The lines below must be transcribed exactly as given, with the images removed.

=======

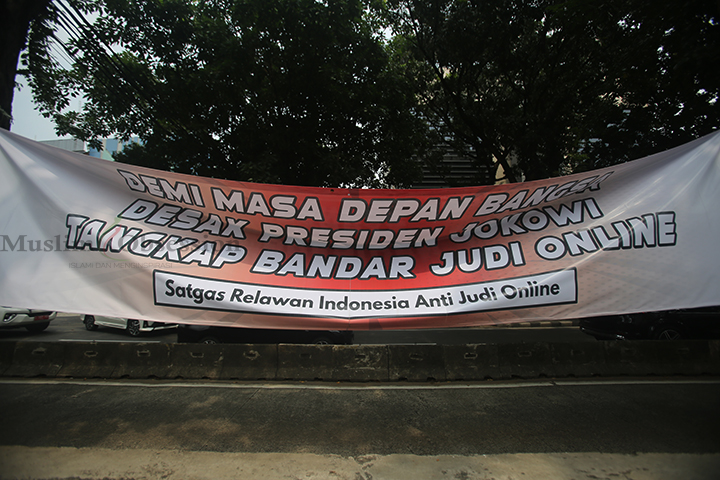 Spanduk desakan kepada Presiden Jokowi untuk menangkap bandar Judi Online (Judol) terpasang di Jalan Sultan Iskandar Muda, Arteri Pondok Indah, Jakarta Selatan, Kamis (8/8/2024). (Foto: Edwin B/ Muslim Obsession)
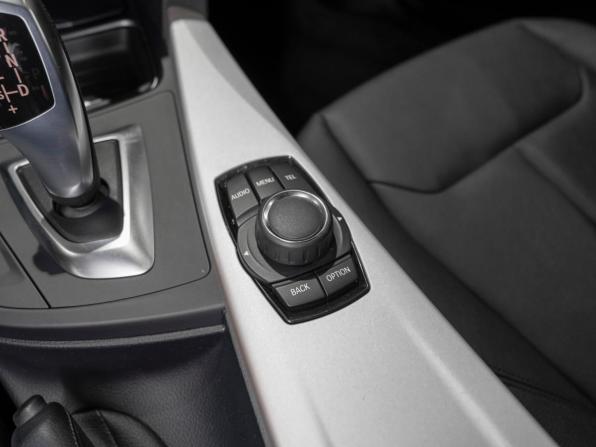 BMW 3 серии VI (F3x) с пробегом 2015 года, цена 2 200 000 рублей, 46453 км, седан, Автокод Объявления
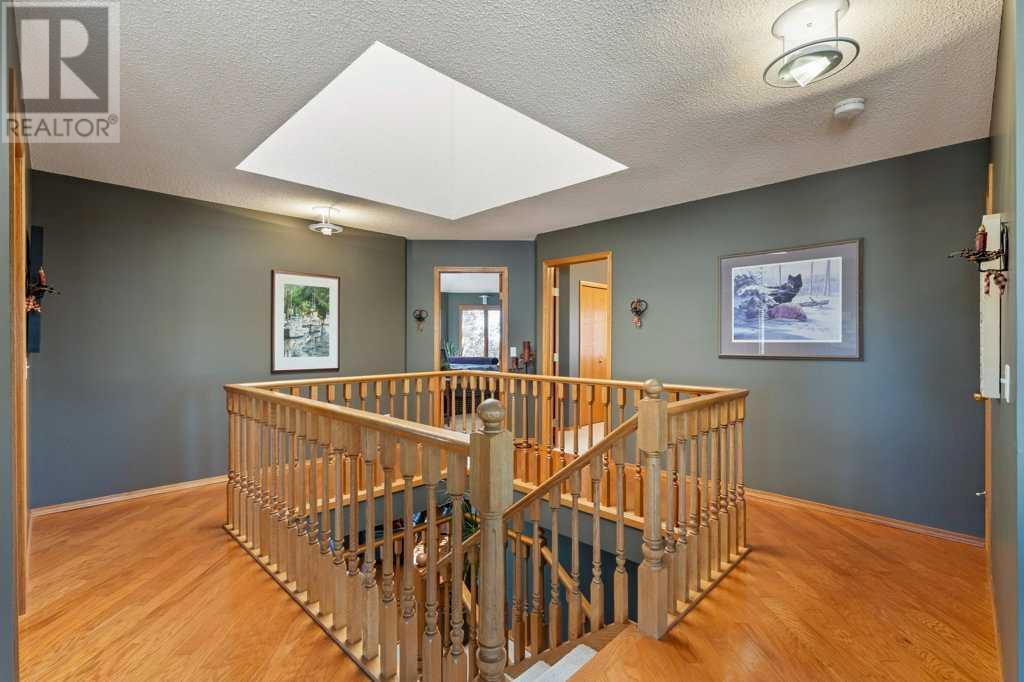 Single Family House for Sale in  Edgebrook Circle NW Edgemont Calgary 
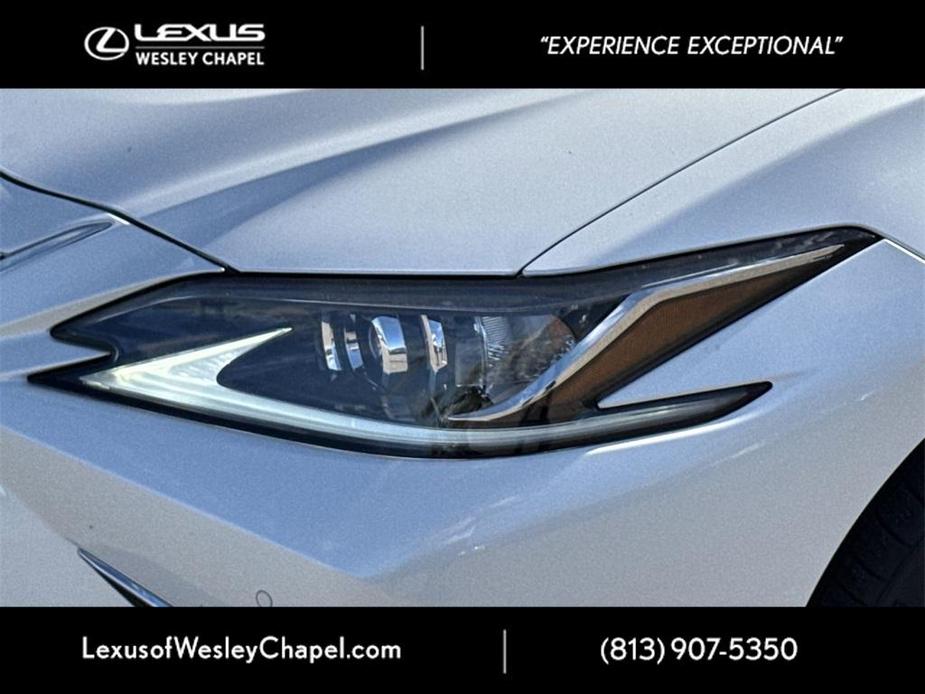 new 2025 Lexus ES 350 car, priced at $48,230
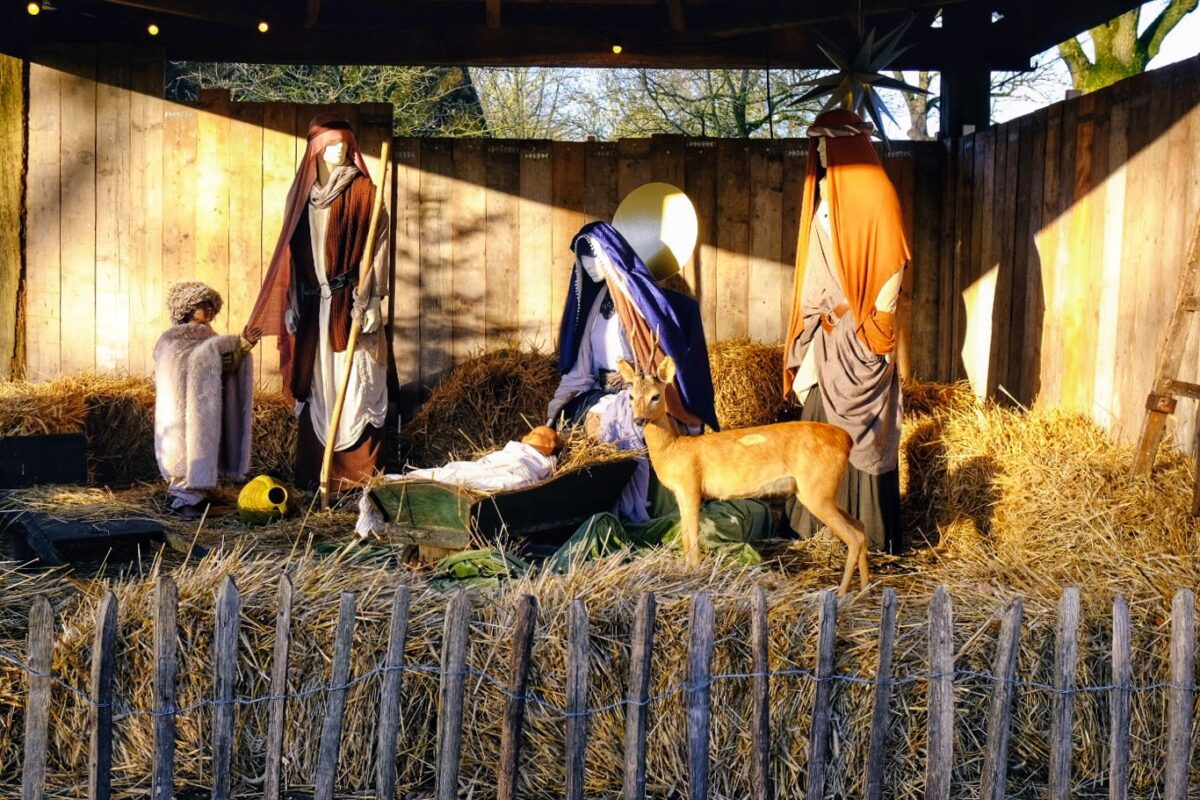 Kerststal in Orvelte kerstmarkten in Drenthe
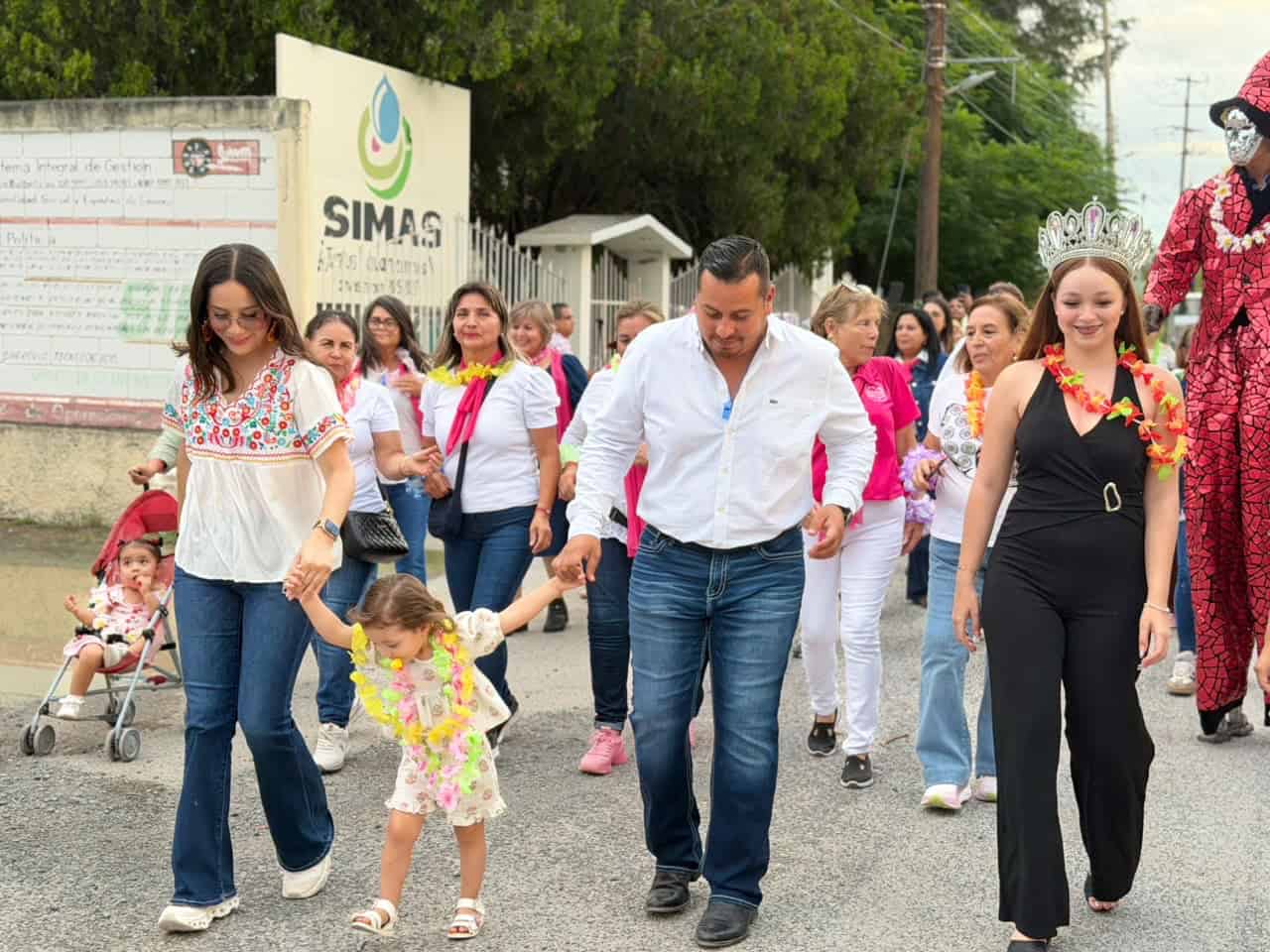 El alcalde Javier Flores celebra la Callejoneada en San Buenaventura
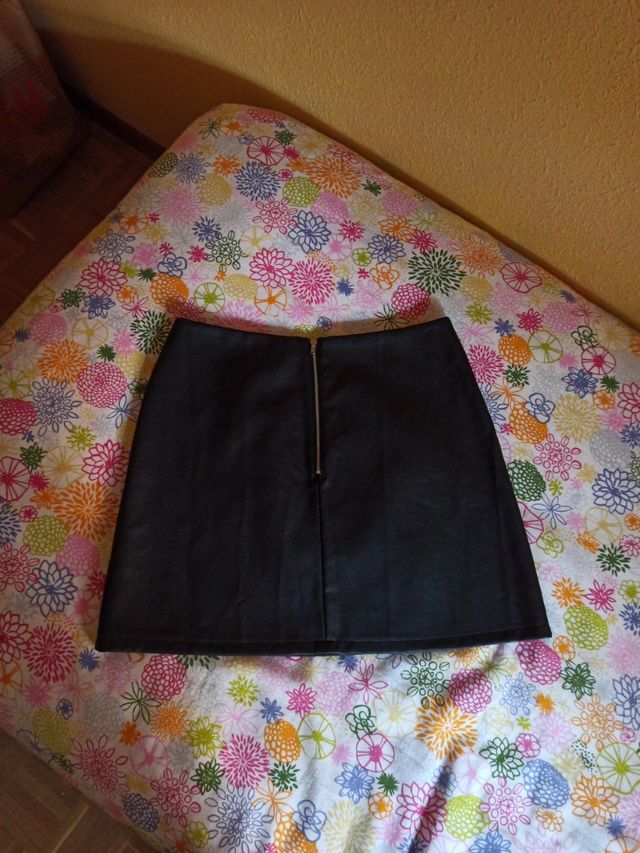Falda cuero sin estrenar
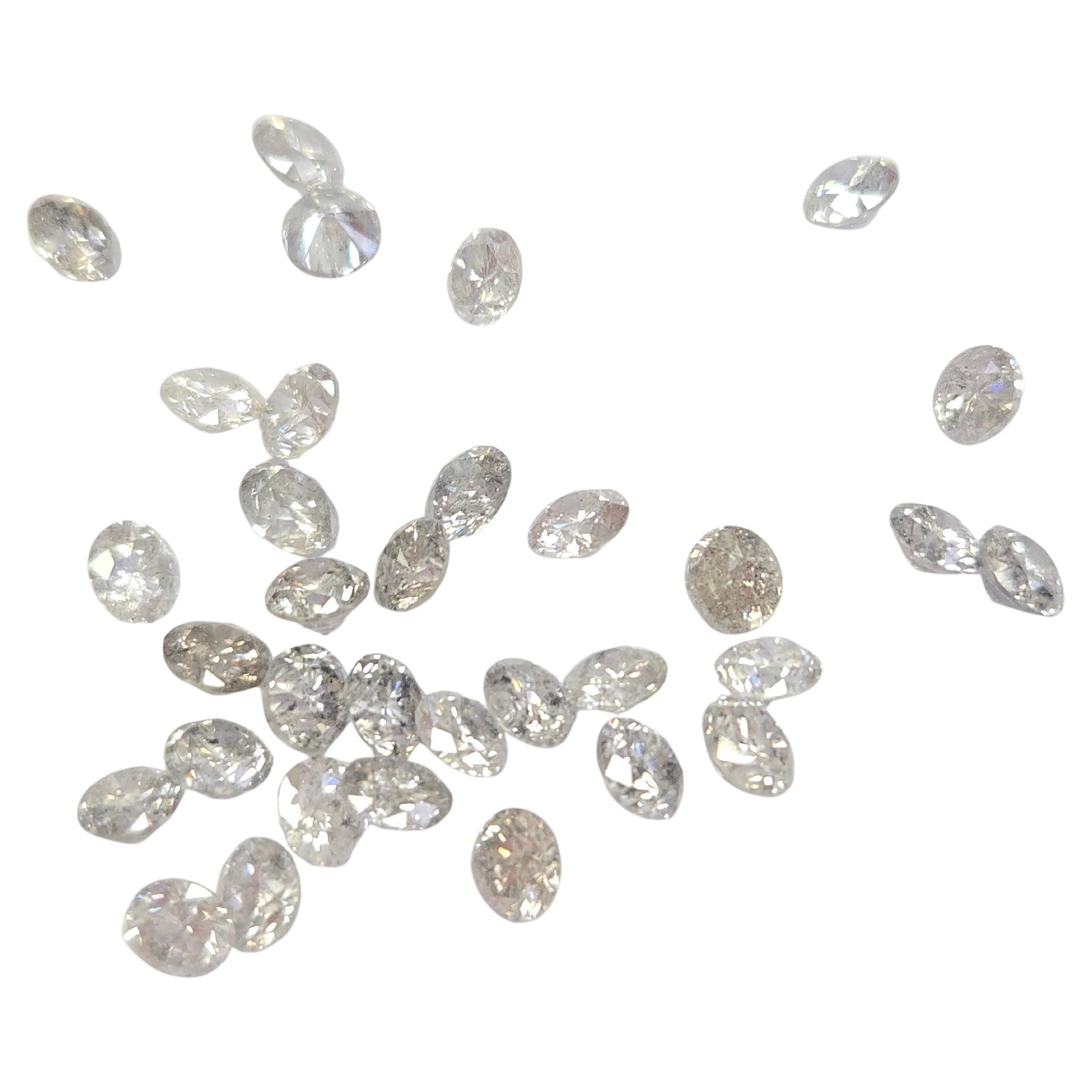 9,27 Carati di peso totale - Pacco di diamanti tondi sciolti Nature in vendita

=======

● Response area
 Spanduk desakan kepada Presiden Jokowi untuk menangkap bandar Judi Online (Judol) terpasang di Jalan Sultan Iskandar Muda, Arteri Pondok Indah, Jakarta Selatan, Kamis (8/8/2024). (Foto: Edwin B/ Muslim Obsession)
 BMW 3 серии VI (F3x) с пробегом 2015 года, цена 2 200 000 рублей, 46453 км, седан, Автокод Объявления
 Single Family House for Sale in  Edgebrook Circle NW Edgemont Calgary 
 new 2025 Lexus ES 350 car, priced at $48,230
 Kerststal in Orvelte kerstmarkten in Drenthe
 El alcalde Javier Flores celebra la Callejoneada en San Buenaventura
Falda cuero sin estrenar
 9,27 Carati di peso totale - Pacco di diamanti tondi sciolti Nature in vendita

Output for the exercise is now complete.